The neat appearance of the three stanzas, with lines of equal length, highlights the poem’s aphoristic aspirations. Carter’s poem continues to reveal the applicability of Wilson Harris’s statement in Tradition, the Writer and Society (1967) about the writer’s task: “the truth of community which he pursues is not a self-evident fact: it is neither purely circumscribed by nor purely produced by economic circumstance”.

‘A Mouth is Always Muzzled’ faces squarely the economic impediments to truthful or ‘plain’ poetic expression: “a mouth is always muzzled / by the food it eats to live”. However, Carter’s poem goes further than these issues of pragmatics. In exploring apparently clear-cut causal links (“rain was the cause of roofs”), Carter ends with the recognition that thinking about causes will not always offer straightforward systems of relationship. Needing to eat will not always explain why we do not speak. The final sentence is devastating and beautiful: “But life is the question asking / what is the way to die”. On a strictly temporal understanding of causality, life causes death. The lines also allow us to read causality in the opposite direction: the inevitability of death causes us to live asking ourselves how to accept that death.

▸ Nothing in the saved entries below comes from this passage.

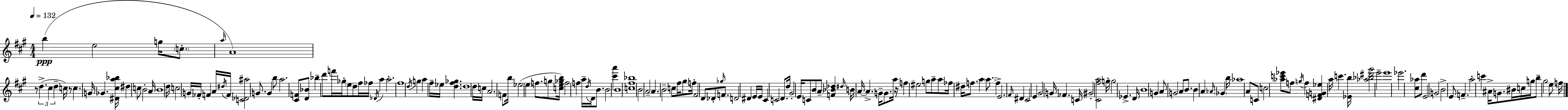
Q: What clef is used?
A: treble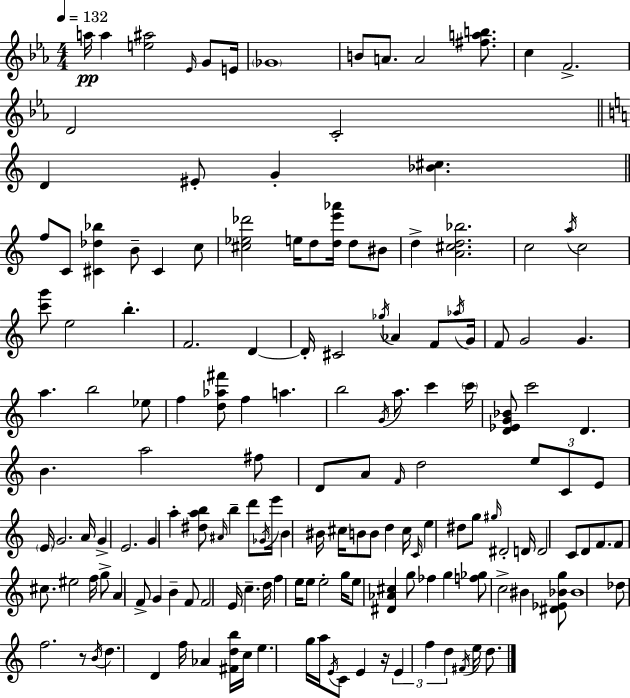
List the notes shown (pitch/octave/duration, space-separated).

A5/s A5/q [E5,A#5]/h Eb4/s G4/e E4/s Gb4/w B4/e A4/e. A4/h [F#5,A5,B5]/e. C5/q F4/h. D4/h C4/h D4/q EIS4/e G4/q [Bb4,C#5]/q. F5/e C4/e [C#4,Db5,Bb5]/q B4/e C#4/q C5/e [C#5,Eb5,Db6]/h E5/s D5/e [D5,E6,Ab6]/s D5/e BIS4/e D5/q [A4,C#5,D5,Bb5]/h. C5/h A5/s C5/h [C6,G6]/e E5/h B5/q. F4/h. D4/q D4/s C#4/h Gb5/s Ab4/q F4/e Ab5/s G4/s F4/e G4/h G4/q. A5/q. B5/h Eb5/e F5/q [D5,Ab5,F#6]/e F5/q A5/q. B5/h G4/s A5/e. C6/q C6/s [D4,Eb4,G4,Bb4]/e C6/h D4/q. B4/q. A5/h F#5/e D4/e A4/e F4/s D5/h E5/e C4/e E4/e E4/s G4/h. A4/s G4/q E4/h. G4/q A5/q [D#5,A5,B5]/e A#4/s B5/q D6/e Gb4/s E6/s B4/q BIS4/s C#5/s B4/e B4/e D5/q C#5/s C4/s E5/q D#5/e G5/e G#5/s D#4/h D4/s D4/h C4/e D4/e F4/e. F4/e C#5/e. EIS5/h F5/s G5/e A4/q F4/e G4/q B4/q F4/e F4/h E4/s C5/q. D5/s F5/q E5/s E5/e E5/h G5/s E5/e [D#4,Ab4,C#5]/q G5/e FES5/q G5/q [F5,Gb5]/e C5/h BIS4/q [D#4,Eb4,Bb4,G5]/e Bb4/w Db5/e F5/h. R/e B4/s D5/q. D4/q F5/s Ab4/q [F#4,D5,B5]/s C5/s E5/q. G5/s A5/s E4/s C4/e E4/q R/s E4/q F5/q D5/q F#4/s E5/s D5/e.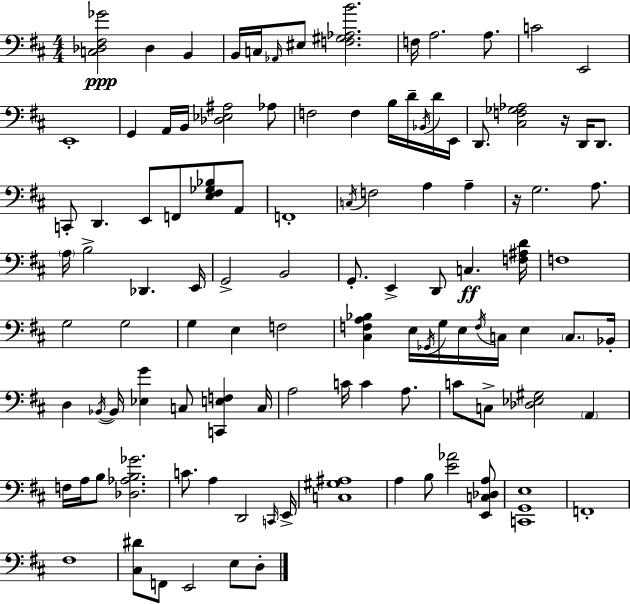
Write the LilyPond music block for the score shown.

{
  \clef bass
  \numericTimeSignature
  \time 4/4
  \key d \major
  <c des fis ges'>2\ppp des4 b,4 | b,16 c16 \grace { aes,16 } eis8 <f gis aes b'>2. | f16 a2. a8. | c'2 e,2 | \break e,1-. | g,4 a,16 b,16 <des ees ais>2 aes8 | f2 f4 b16 d'16-- \acciaccatura { bes,16 } | d'16 e,16 d,8. <cis f ges aes>2 r16 d,16 d,8. | \break c,8-. d,4. e,8 f,8 <e fis ges bes>8 | a,8 f,1-. | \acciaccatura { c16 } f2 a4 a4-- | r16 g2. | \break a8. \parenthesize a16 b2-> des,4. | e,16 g,2-> b,2 | g,8.-. e,4-> d,8 c4.\ff | <f ais d'>16 f1 | \break g2 g2 | g4 e4 f2 | <cis f a bes>4 e16 \acciaccatura { ges,16 } g16 e16 \acciaccatura { f16 } c16 e4 | \parenthesize c8. bes,16-. d4 \acciaccatura { bes,16~ }~ bes,16 <ees g'>4 c8 | \break <c, e f>4 c16 a2 c'16 c'4 | a8. c'8 c8-> <des ees gis>2 | \parenthesize a,4 f16 a16 b8 <des aes b ges'>2. | c'8. a4 d,2 | \break \grace { c,16 } e,16-> <c gis ais>1 | a4 b8 <e' aes'>2 | <e, c des a>8 <c, g, e>1 | f,1-. | \break fis1 | <cis dis'>8 f,8 e,2 | e8 d8-. \bar "|."
}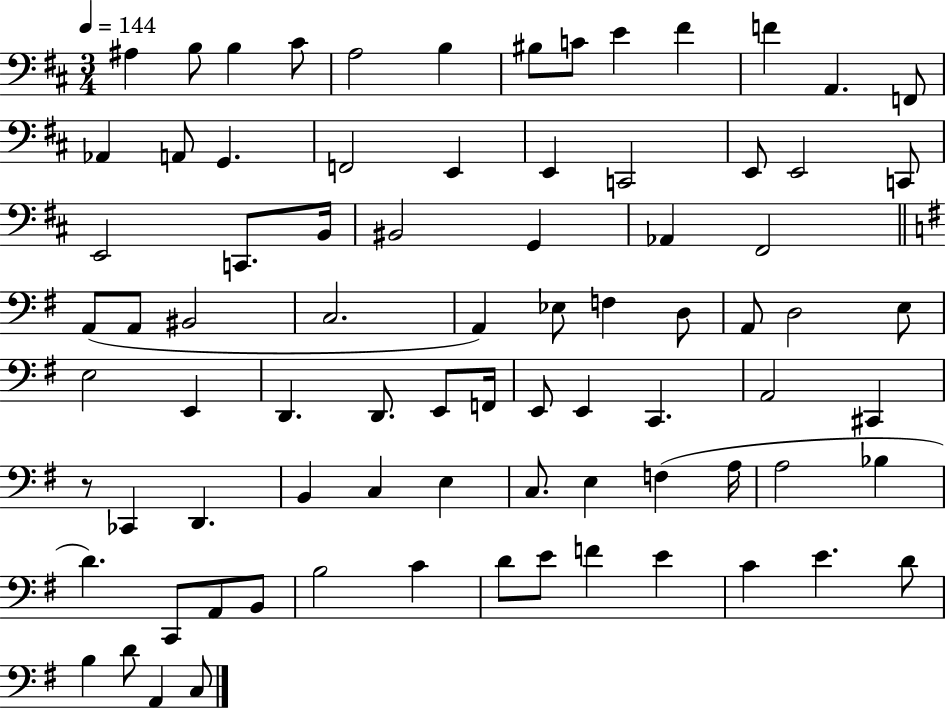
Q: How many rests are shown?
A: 1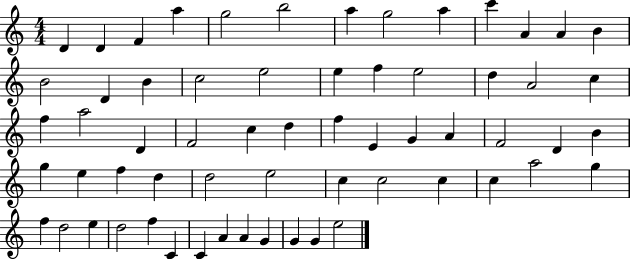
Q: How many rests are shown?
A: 0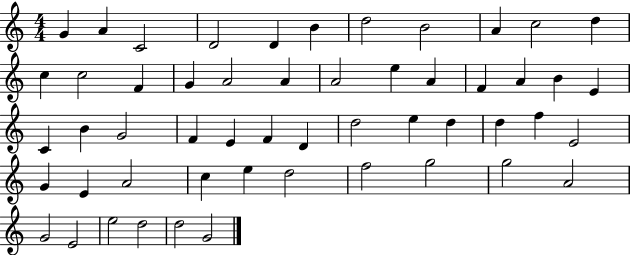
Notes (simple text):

G4/q A4/q C4/h D4/h D4/q B4/q D5/h B4/h A4/q C5/h D5/q C5/q C5/h F4/q G4/q A4/h A4/q A4/h E5/q A4/q F4/q A4/q B4/q E4/q C4/q B4/q G4/h F4/q E4/q F4/q D4/q D5/h E5/q D5/q D5/q F5/q E4/h G4/q E4/q A4/h C5/q E5/q D5/h F5/h G5/h G5/h A4/h G4/h E4/h E5/h D5/h D5/h G4/h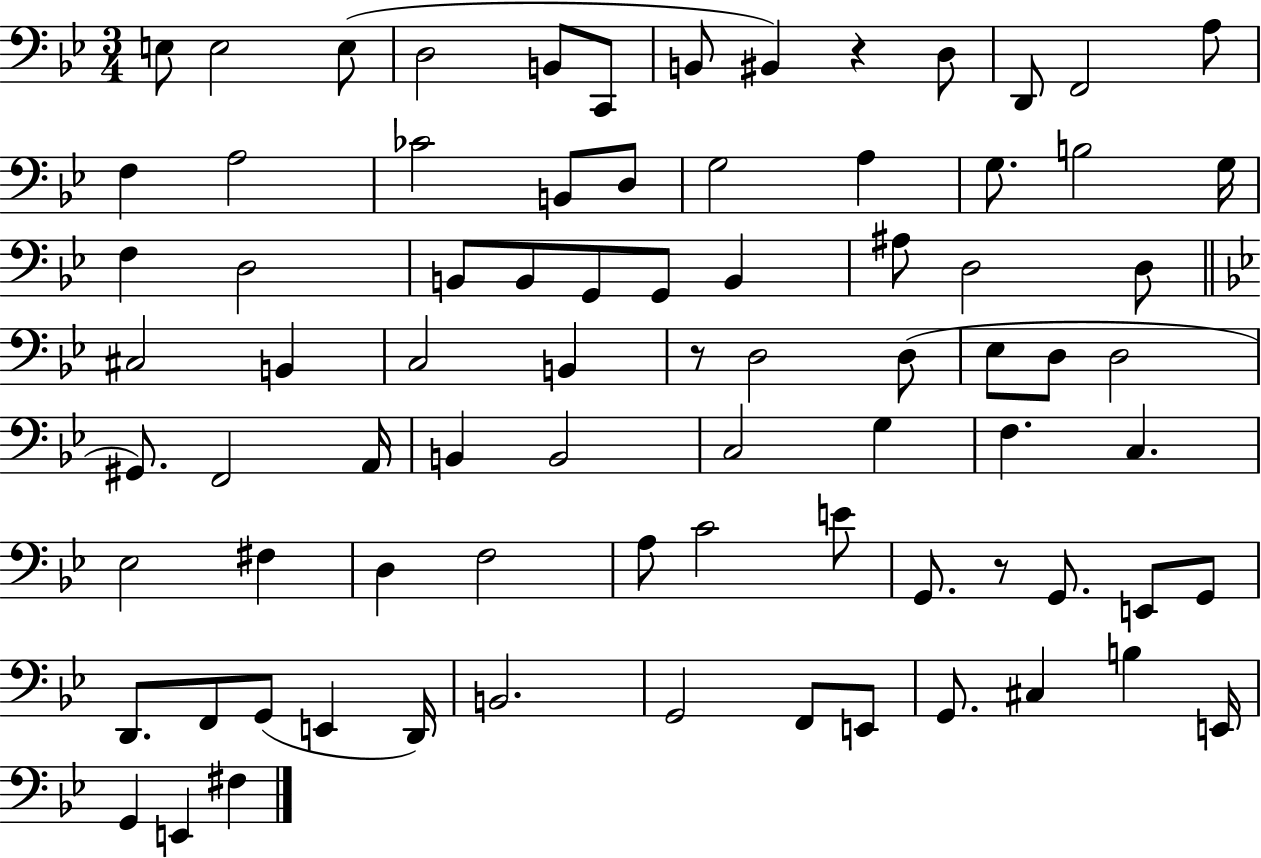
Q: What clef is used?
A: bass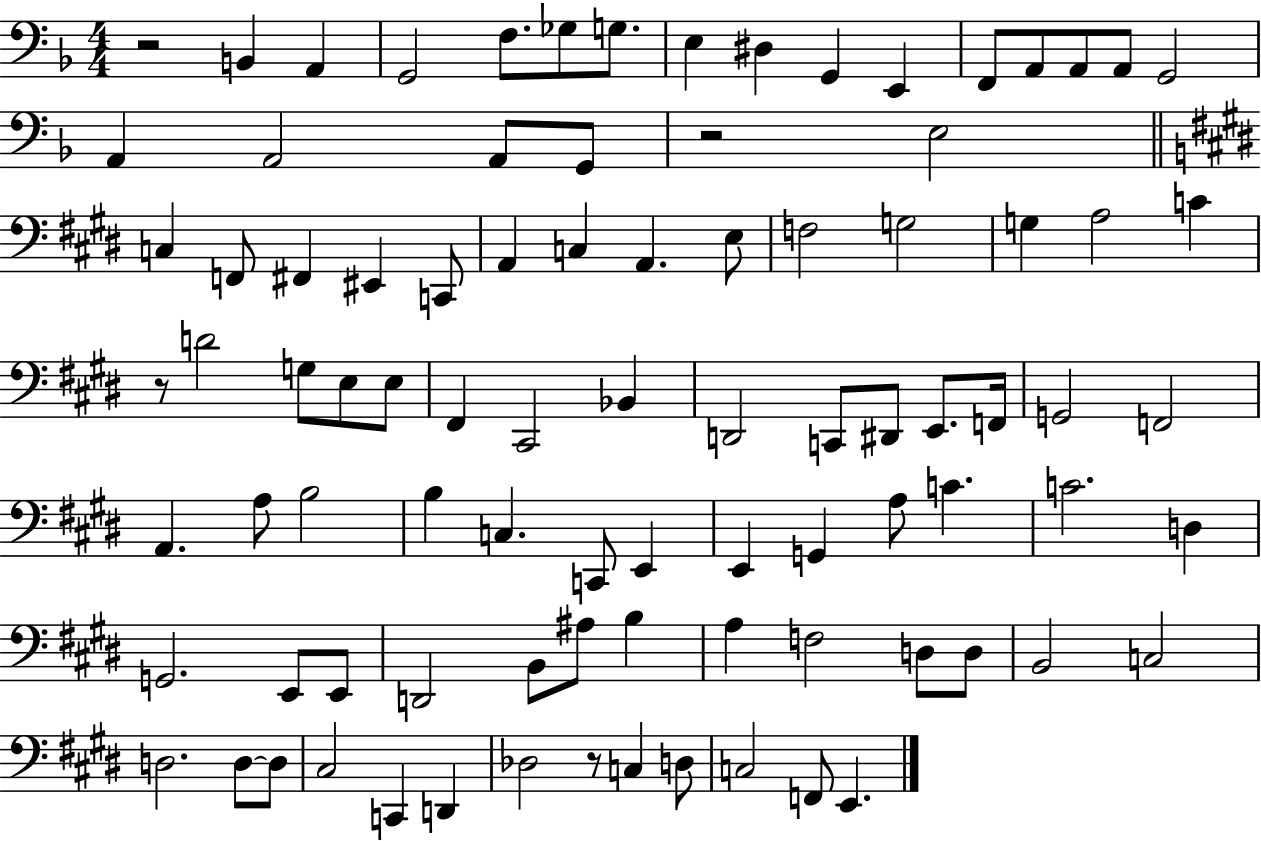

Carter keeps all these readings open, but what seems most pronounced in the poem is not the causal links between life and death, but the twinning of life and death within a continuing present tense that speaks both of the past and the future. Rereading Carter’s 1977 Poems of Succession, we might conclude that even if we can’t define ‘The When Time’, we can recognise that we are always living within it, anticipating it and remembering it, even as we are straining to understand and define it. The phrase reminds us, as Salkey recognised in Carter, that we can be the “re-discoverer of the long-lost beating heart” of the times we have squandered. And how fortunate we are that Carter found his own ‘when time’ to write these poems.